* _RECORDS SUPPLIED_:
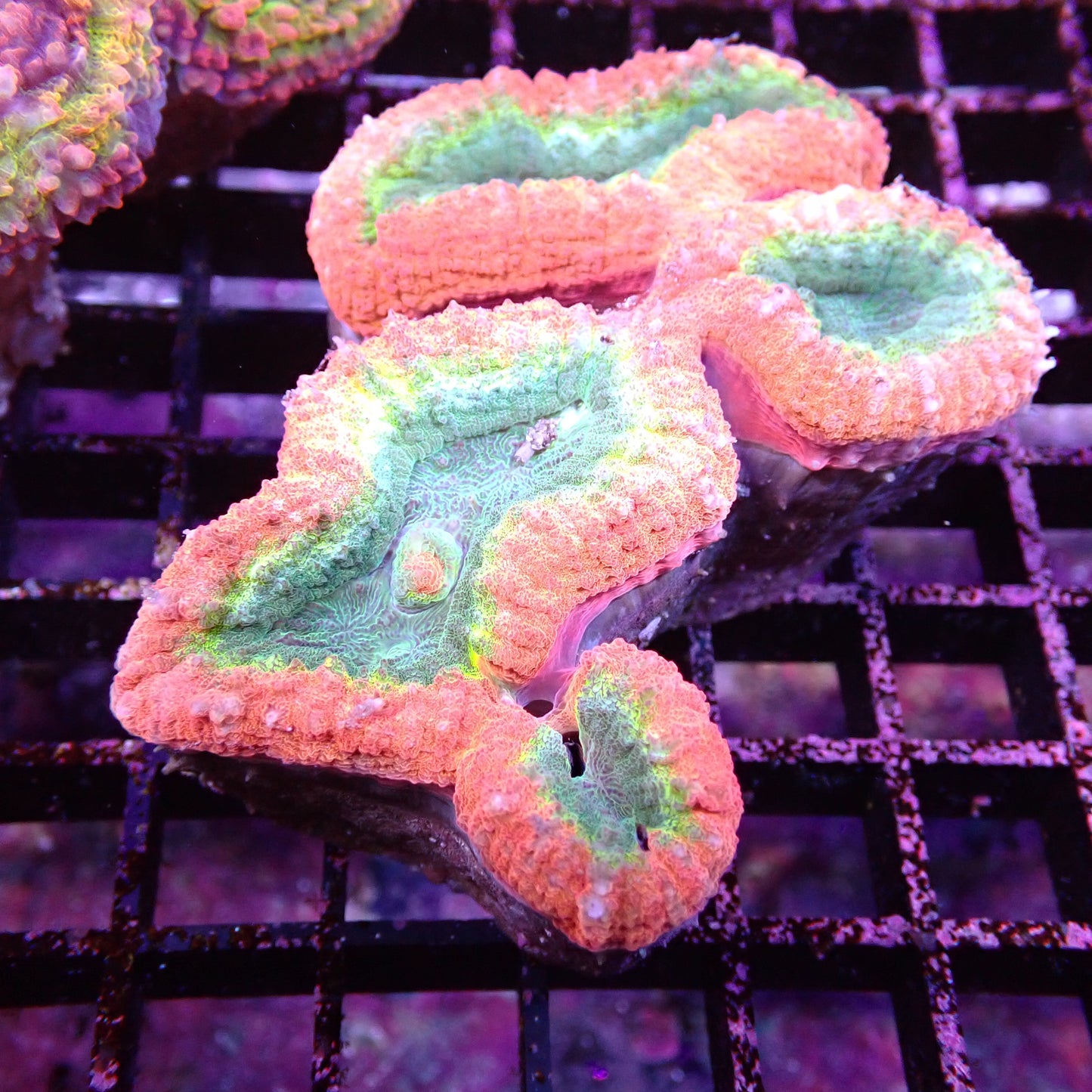 Lobed Brain Corals (Lobophyllia, Pachysepta, Symphyllia sp.)
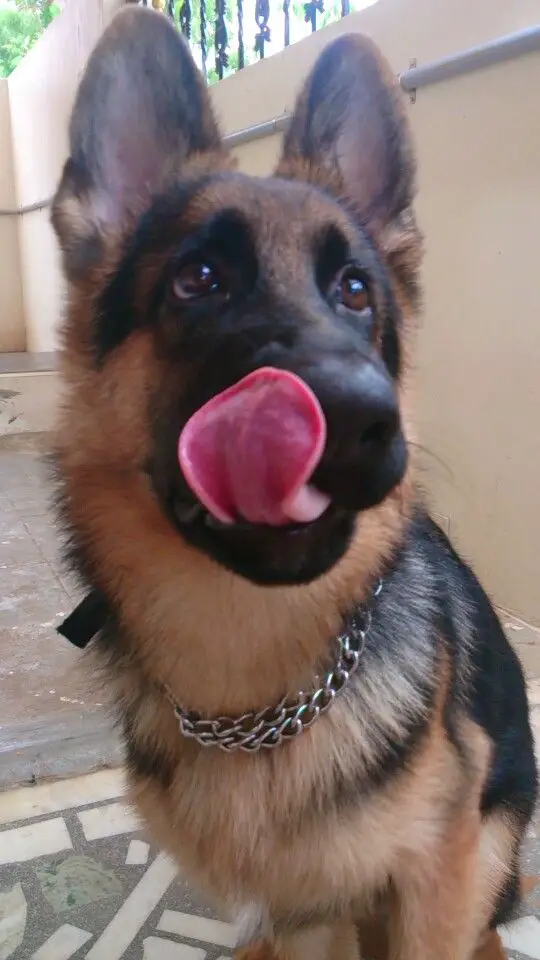 German Shepherd sitting on the floor while licking its nose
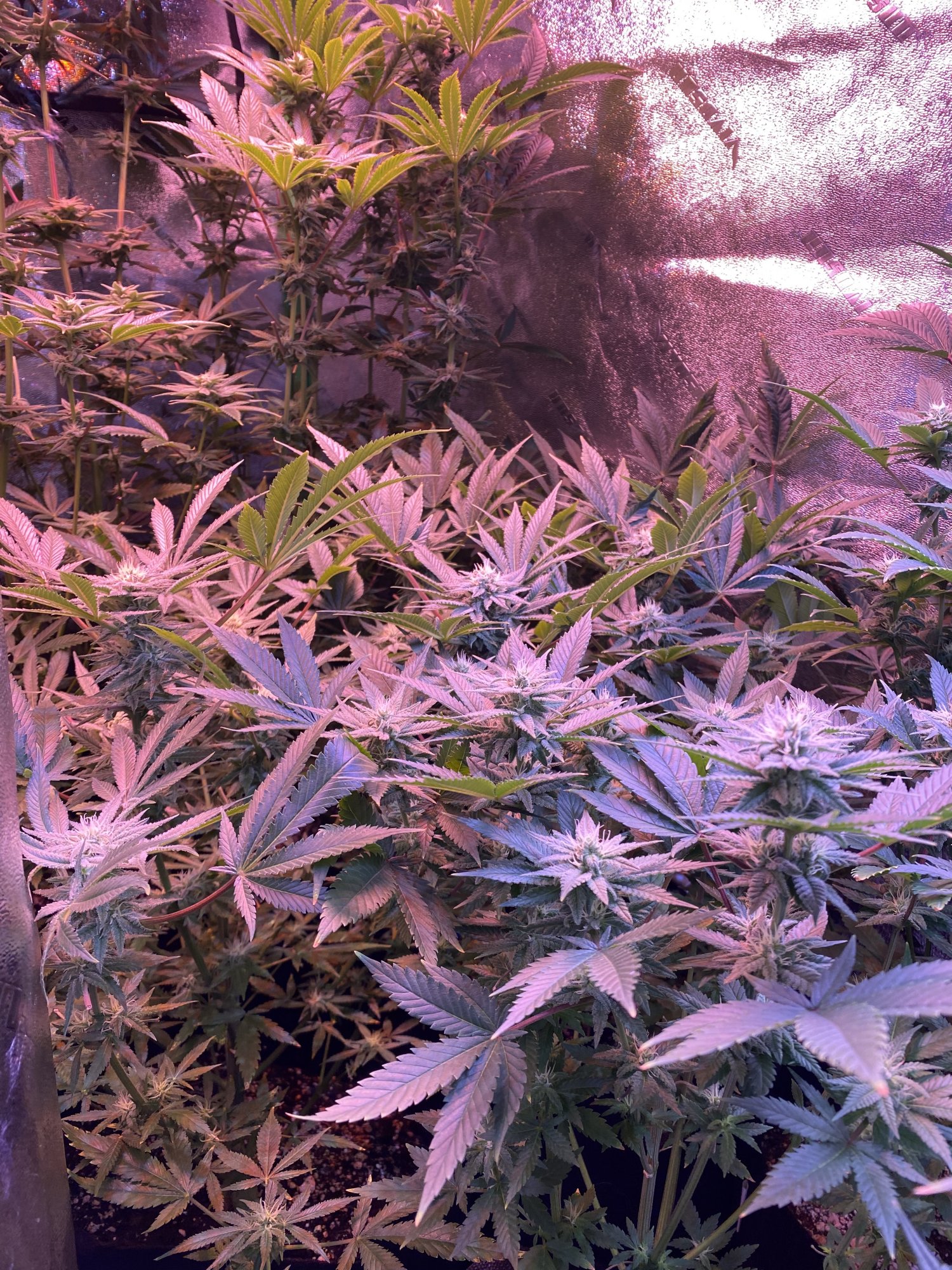 Should my buds be bigger at week 56 defoliation 2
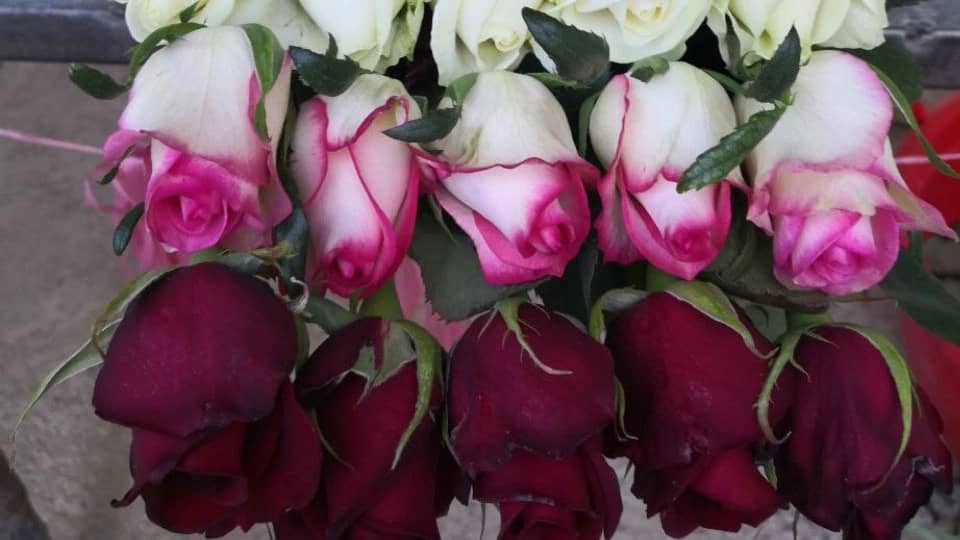 رز هلندی وشاخه بریده پروین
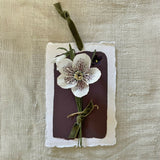 Winter Posy - Paper Sculpture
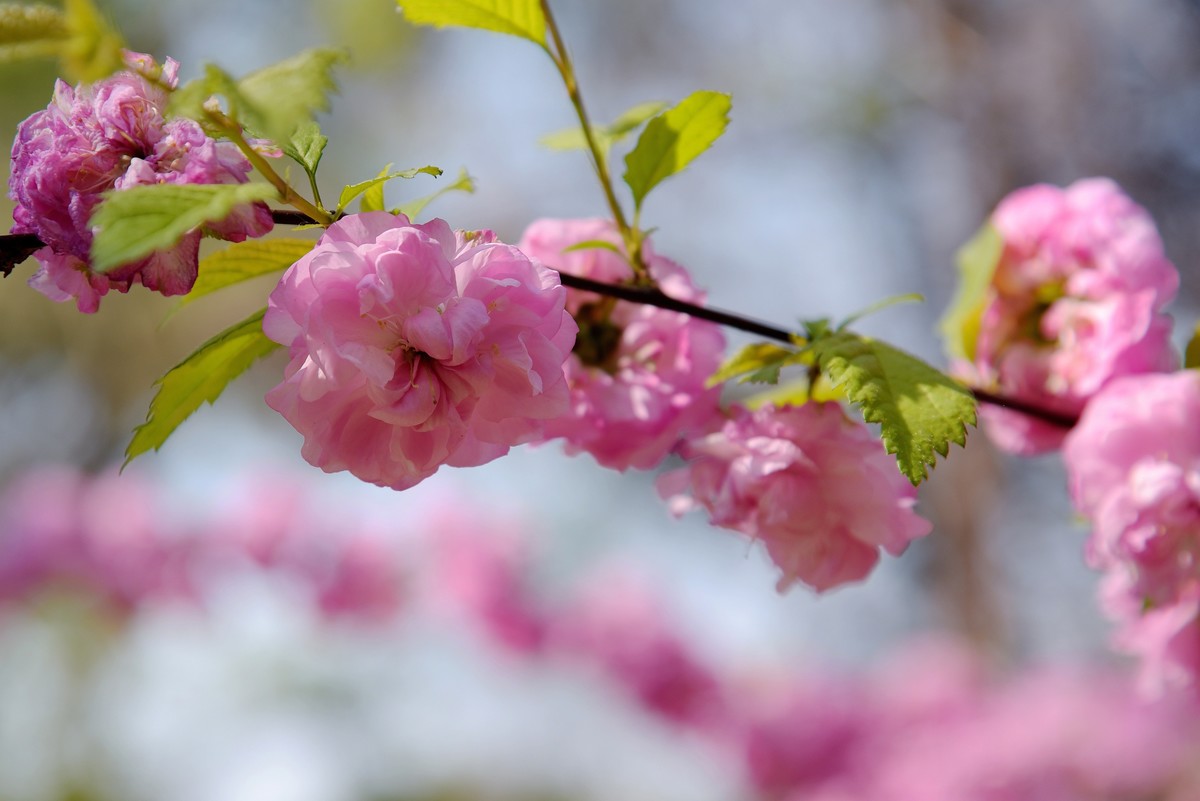 2025之春（十四）－ 榆叶梅（2）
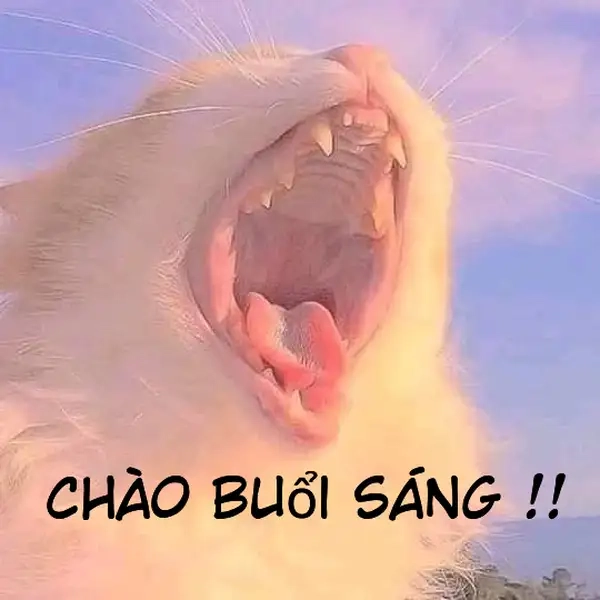 Meme chào tạm biệt hài hước, khiến ai cũng bật cười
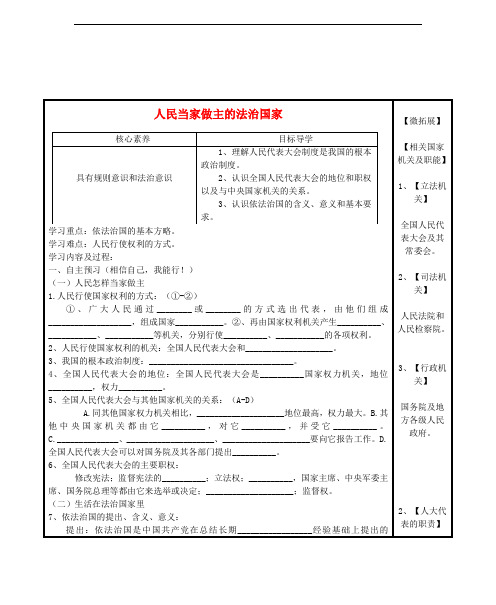 九年级政治全册 第三单元 融入社会 肩负使命 第六课 参与政治生活 第1框 人民当家做主的法治国家学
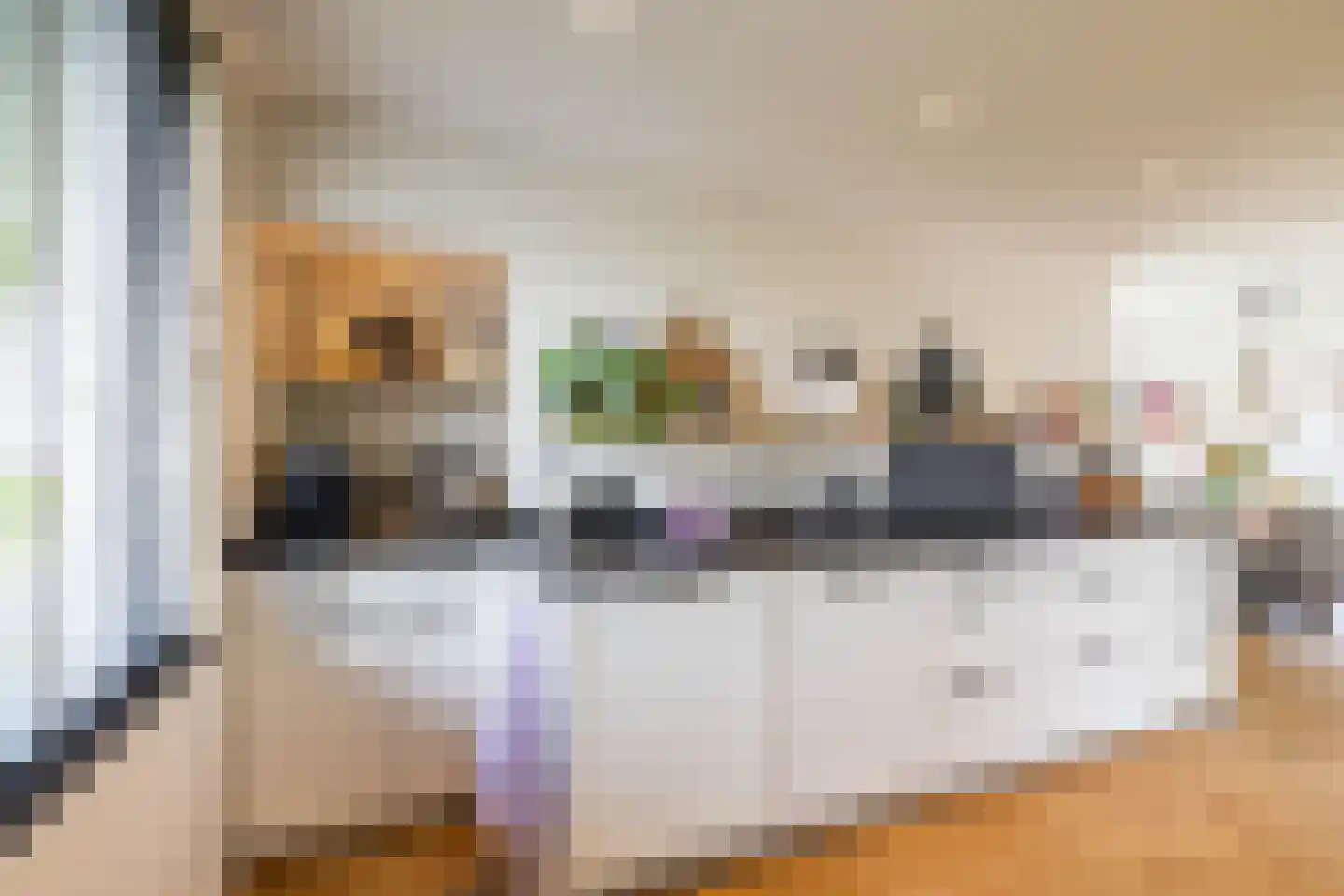 Emmalaan 22 Zuidlaren thumbnail 47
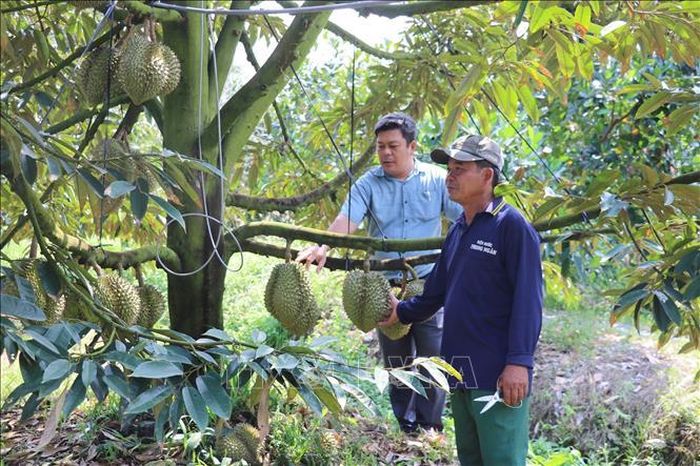 Cán bộ nông nghiệp cùng chủ vườn thường xuyên kiểm tra độ phát triển của vườn sầu riêng.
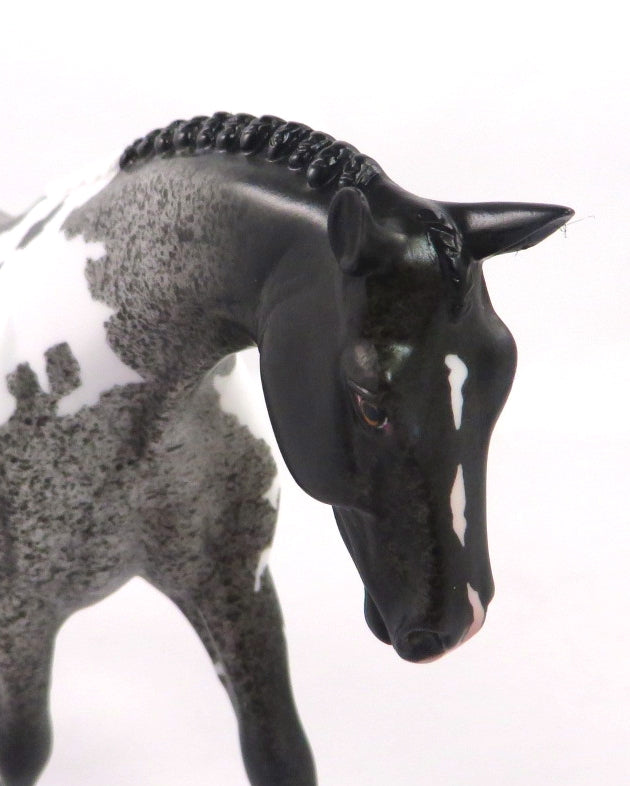 GAGE-OOAK BLUE ROAN PINTO PEBBLES WARMBLOOD MODEL HORSE 1/7/2020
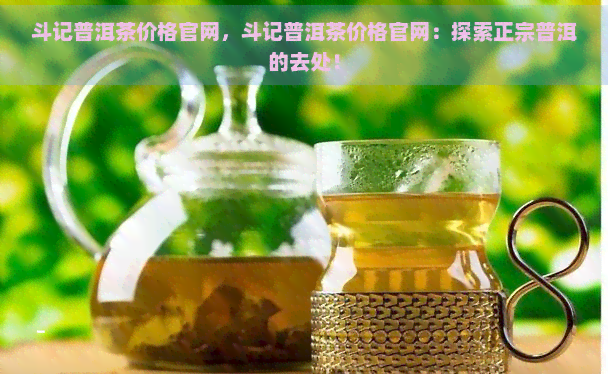 斗记普洱茶价格官网，斗记普洱茶价格官网：探索正宗普洱的去处！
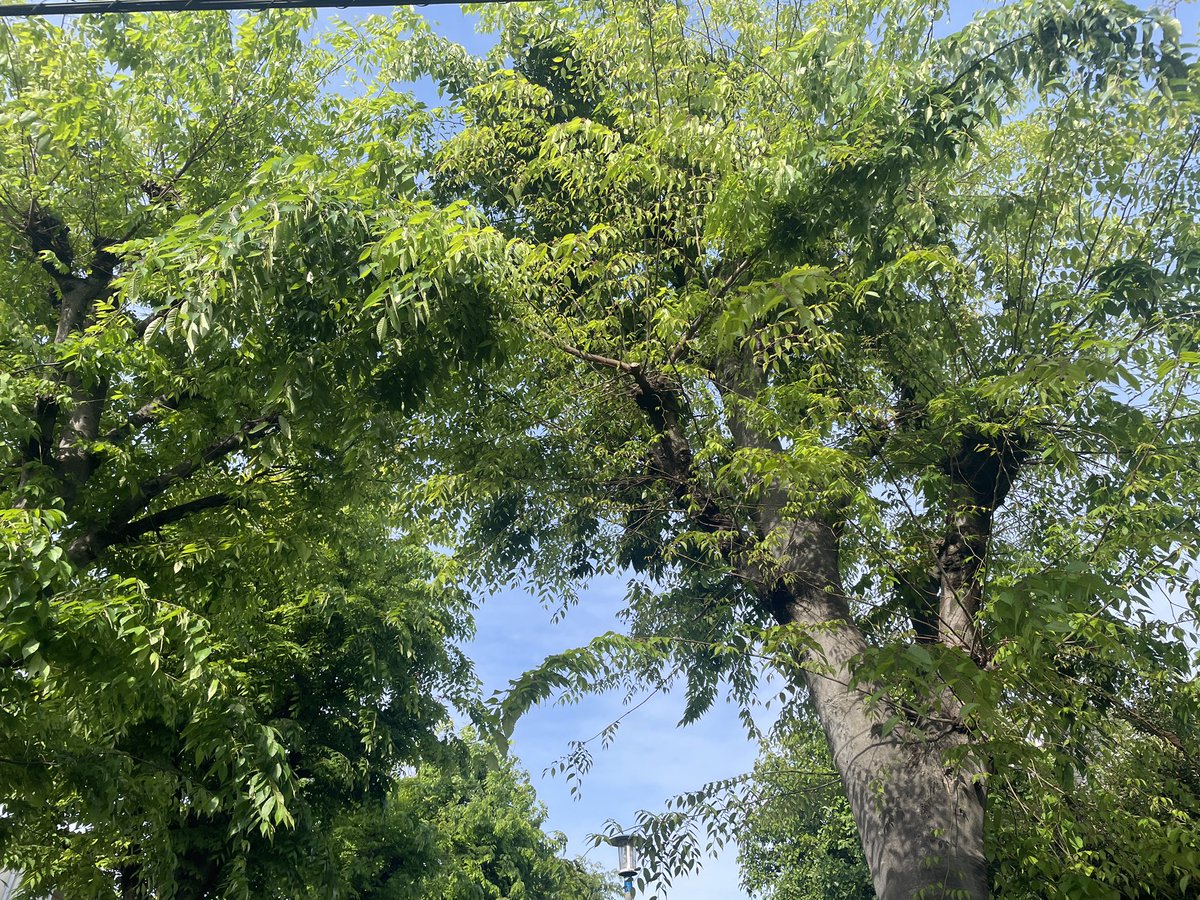 武内享 tweet media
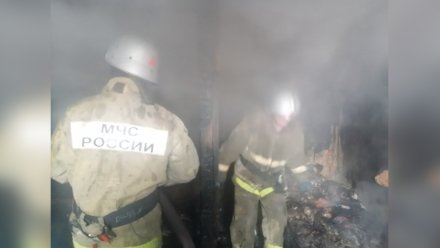 Труп женщины нашли после пожара в Новохопёрском районе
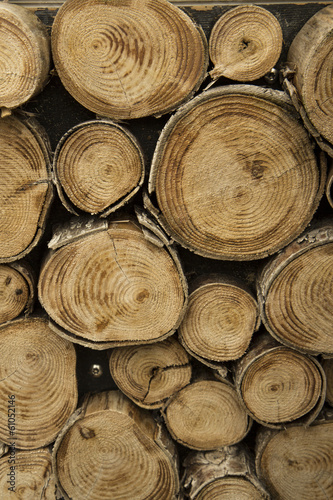 close up of logs of wood
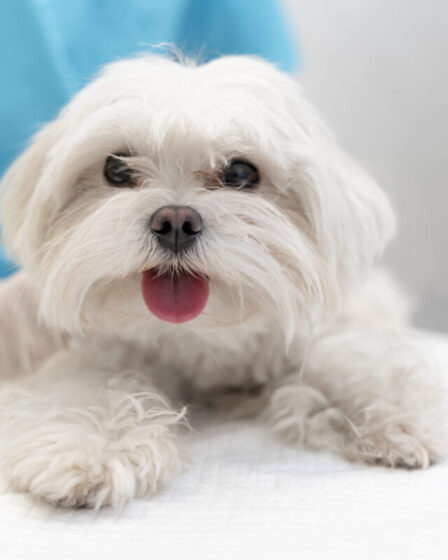 Lançamento do convless promete dar mais saúde em pets no Brasil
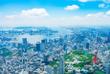 Panoramablick auf Tokyo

* _ACTIVITY_:
Your answer must be exactly the lines from the one containing "رز هلندی وشاخه بریده پروین" through the last line of the records above, both included, with every picture left out.

* _RESULT OF THE EXERCISE_:
 رز هلندی وشاخه بریده پروین
 Winter Posy - Paper Sculpture
 2025之春（十四）－ 榆叶梅（2）
 Meme chào tạm biệt hài hước, khiến ai cũng bật cười
 九年级政治全册 第三单元 融入社会 肩负使命 第六课 参与政治生活 第1框 人民当家做主的法治国家学
 Emmalaan 22 Zuidlaren thumbnail 47
 Cán bộ nông nghiệp cùng chủ vườn thường xuyên kiểm tra độ phát triển của vườn sầu riêng.
 GAGE-OOAK BLUE ROAN PINTO PEBBLES WARMBLOOD MODEL HORSE 1/7/2020
 斗记普洱茶价格官网，斗记普洱茶价格官网：探索正宗普洱的去处！
 武内享 tweet media
 Труп женщины нашли после пожара в Новохопёрском районе
 close up of logs of wood
 Lançamento do convless promete dar mais saúde em pets no Brasil
 Panoramablick auf Tokyo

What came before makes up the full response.